真美沢公園では、旭丘堤から東黒松に抜ける通り沿いに、5月中旬より花が咲いていました。ホタルブクロかなと思いましたが、距があったことから、別の種類と同定していました。

日本では、ヤマオダマキの変種であるとされていますが、よく調べてゆくと、オオヤマオマダキとヤマオマダキと双方が分布・育っているのは日本のみとのことで、オオヤマオダマキしか分布しない中国やロシアなど東アジアでは、オオヤマオダマキとヤマオダマキは別種とされています。

オオヤマオダマキとヤマオダマキを比べてみると、形状はほとんど変わりません。「大(オオ)」という頭文字がつきますが、大きさもほぼ同じとのこと。両者は、花が開いた時の「距」の部分に違いあり、そこが見分けるポイントとなります。

  • 距の先端が下を向いたまま→オオヤマオダマキ
  • 距の先端が真っすぐ伸びたもの→ヤマオダマキ

和名の苧環とは、紡いだ麻糸を、内を空にして丸く巻いた形を言い、オオヤマオダマキよりもヤマオダマキ(右)の様が、距がなく4本または5本の芯が空に真っすぐ伸び散る分、その様に近いようです。花の様子が苧環に似ていることから。

葉は、根生葉と上部の葉で大きく形を変えます。根生葉は束生し、2回3出複葉…つまり葉柄から三つの小葉を出し、その小葉がさらに3つの小葉に分かれるといった葉を広げます。その葉柄の長さは15-25cmになります。一方の茎の上部の葉は3~4cmの扇形、先端が2~3中裂し、さらに2~3浅裂しています。

オオヤマオダマキの花は、6月から8月に、枝分かれしたそれぞれの茎の先端部に直径3~4cmほどの花を咲かせます。その花の形状は非常にユニークです。まず、斜め下方向に咲いていることです。虫媒花と思われます。

赤茶色の5枚の花弁のように広がるのは、実は萼片で、花の中央の先端部が淡黄色のものが花弁です。長さが1.2~2.5cm、花弁も5枚です。花弁の基部に近い部分は重なり合って5つの部屋ができているように観えます。

オダマキの花の仲間で、このオオヤマオダマキが最も特徴的な部分は後ろ方向に突き出す花弁の一部である「距(きょ…花の後ろに突き出した中空の角状のもの)」と呼ばれる部分です。距の先端部が内側に巻き込み、その先が球状になっているのが面白いです。

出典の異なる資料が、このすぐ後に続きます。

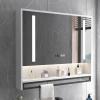 Medicine cabinet with HD mirrorbathroom mirror with anti fogModern Smart medicine cabinet mirror with LED lightsbathroom storage organizer Clock and Temper DisplayWith towel barTouch Switch ( Col view 1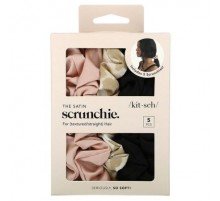 Kitsch, The Satin Scrunchie, For Textured/Straight Hair, Assorted, 5 Scrunchie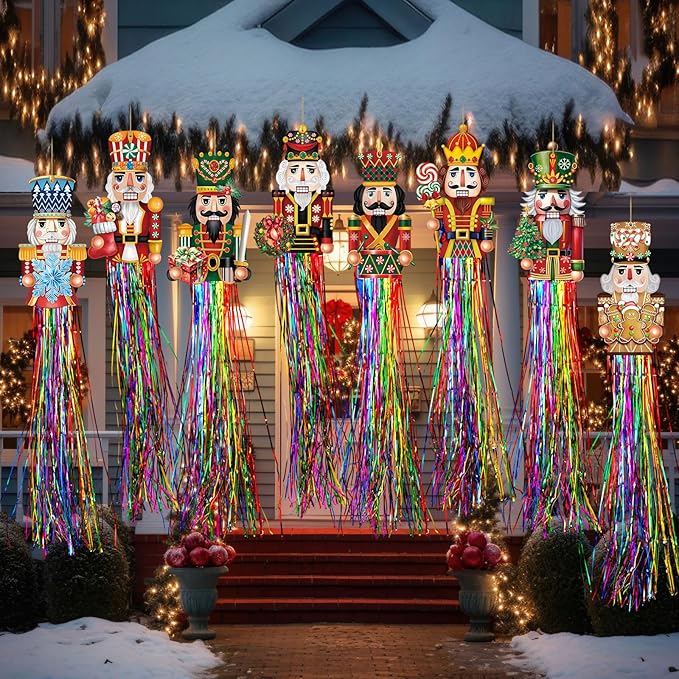 8pcs Nutcracker Christmas Windsocks Outdoor Hanging Decorations with Tassels Christmas Yard Decorations for Outside 3.3ft Xmas Signs for Wall Tree Home Lawn Yard Party Supplies Decor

花弁の中央に雄しべ(先端部が黒ずんでいる)を多数つけ、よく見ると中央に雌しべが1つ伸びているのも確認できます。

果実は袋果です。受粉した雌しべは、下向きから上向きに変わり、萼片と花弁はやがて落ちていくが、その中で雌蕊が成熟して、長さ1.5-2cmの5個の袋果の果実となります。腺質の短毛が密に生えています。袋果の中には、光沢のある黒色の種子が多数つくられています。風で飛んでいく細かな種です。